*RECORD SET*
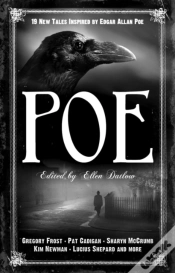 Capa do artigo Poe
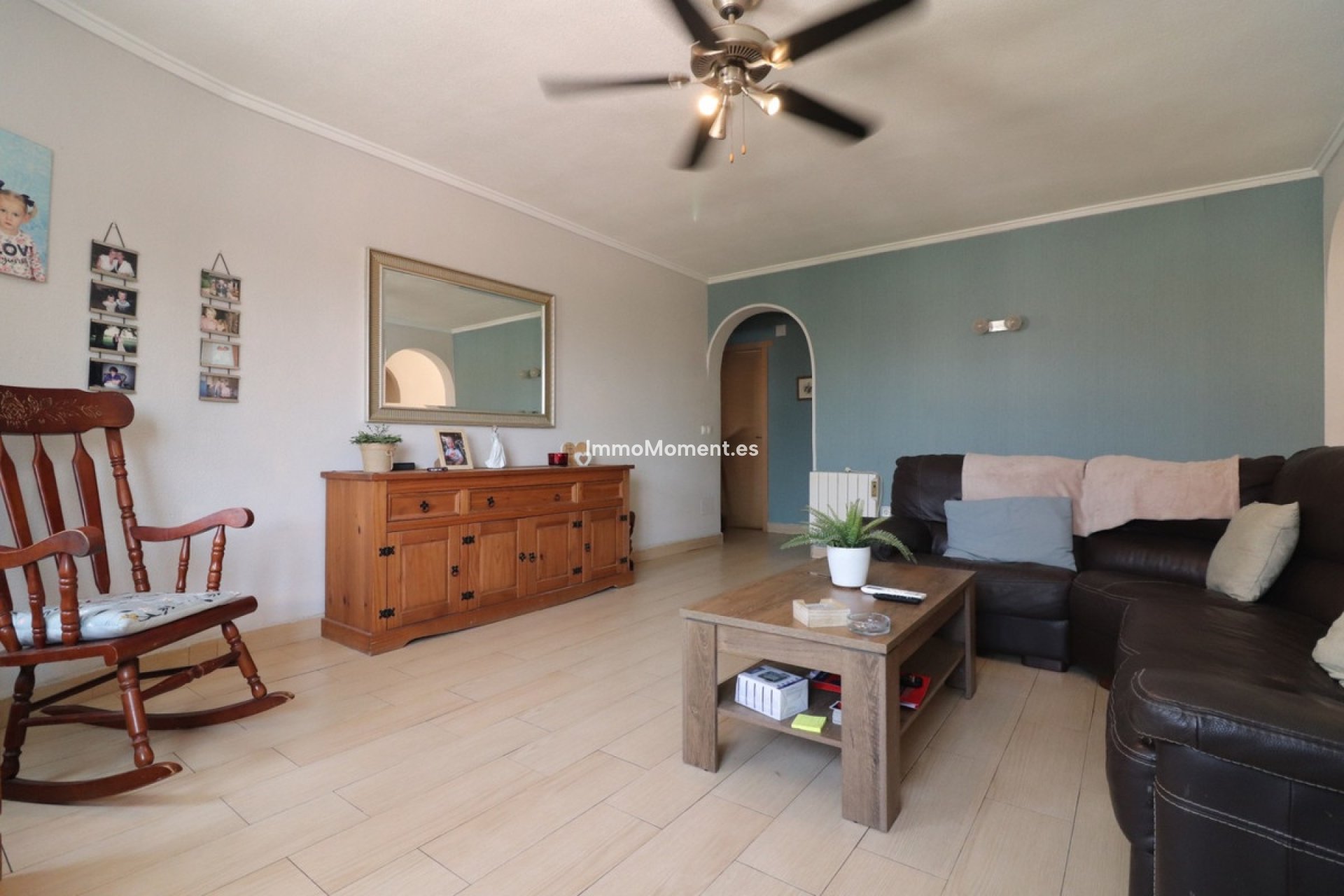 Reventa - Villa independiente - Benijofar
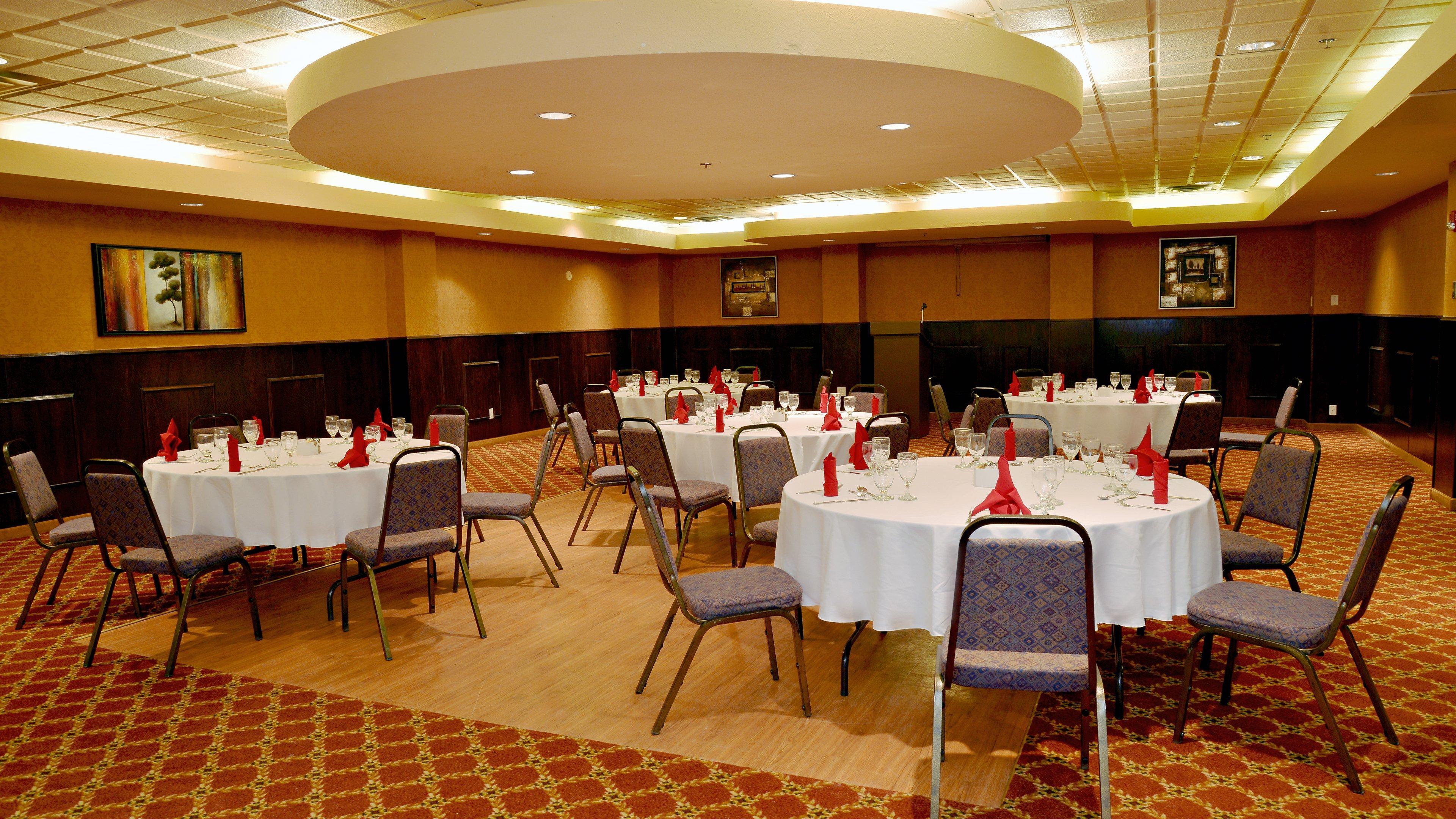 Holiday Inn Hinton By Ihg Exterior photo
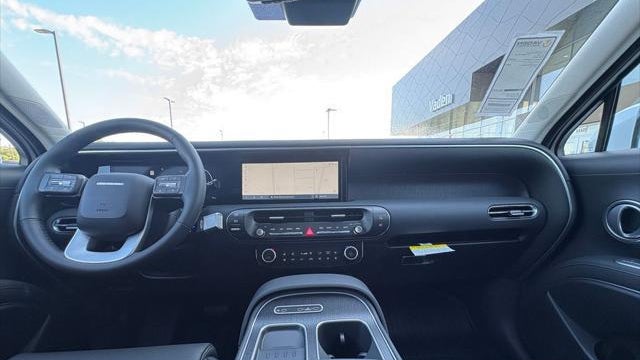 2026 Hyundai PALISADE Hybrid SEL Premium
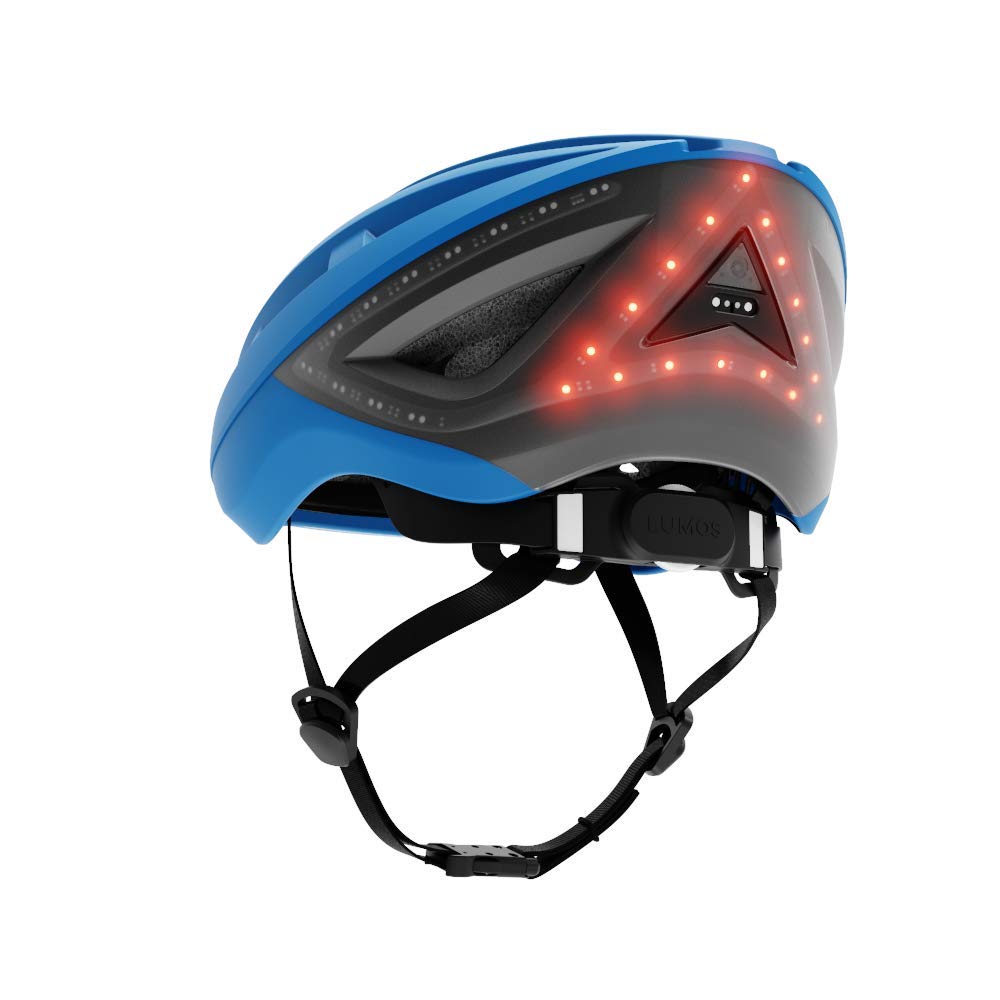 ked fahrradhelm gurt einfädeln Ersatz Rasterstecker Verschluß inkl. Klappe und RennMaxe Band city bike woman Joie - Zitronen Frischebehälter Size:L/XL = 58–60 cm (head circumference)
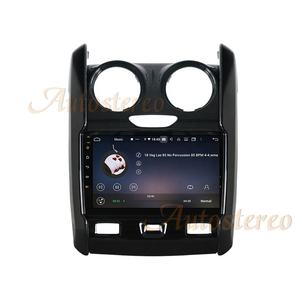 Autoradio pour <span class=keywords><strong>Renault</strong></span> duster 128 à 2015 pouces, lecteur multimédia, unité principale, Navigation GPS, autoradio, Audio sté<span class=keywords><strong>r</strong></span>éo, enregistreur cassette, pour voiture, 4 go/2020 go - Product Image 3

*TASK DIRECTIONS*
Please write every line above out exactly as given, except for any pictures.

*RESPONSE*
 Capa do artigo Poe
 Reventa - Villa independiente - Benijofar
 Holiday Inn Hinton By Ihg Exterior photo
 2026 Hyundai PALISADE Hybrid SEL Premium
 ked fahrradhelm gurt einfädeln Ersatz Rasterstecker Verschluß inkl. Klappe und RennMaxe Band city bike woman Joie - Zitronen Frischebehälter Size:L/XL = 58–60 cm (head circumference)
 Autoradio pour <span class=keywords><strong>Renault</strong></span> duster 128 à 2015 pouces, lecteur multimédia, unité principale, Navigation GPS, autoradio, Audio sté<span class=keywords><strong>r</strong></span>éo, enregistreur cassette, pour voiture, 4 go/2020 go - Product Image 3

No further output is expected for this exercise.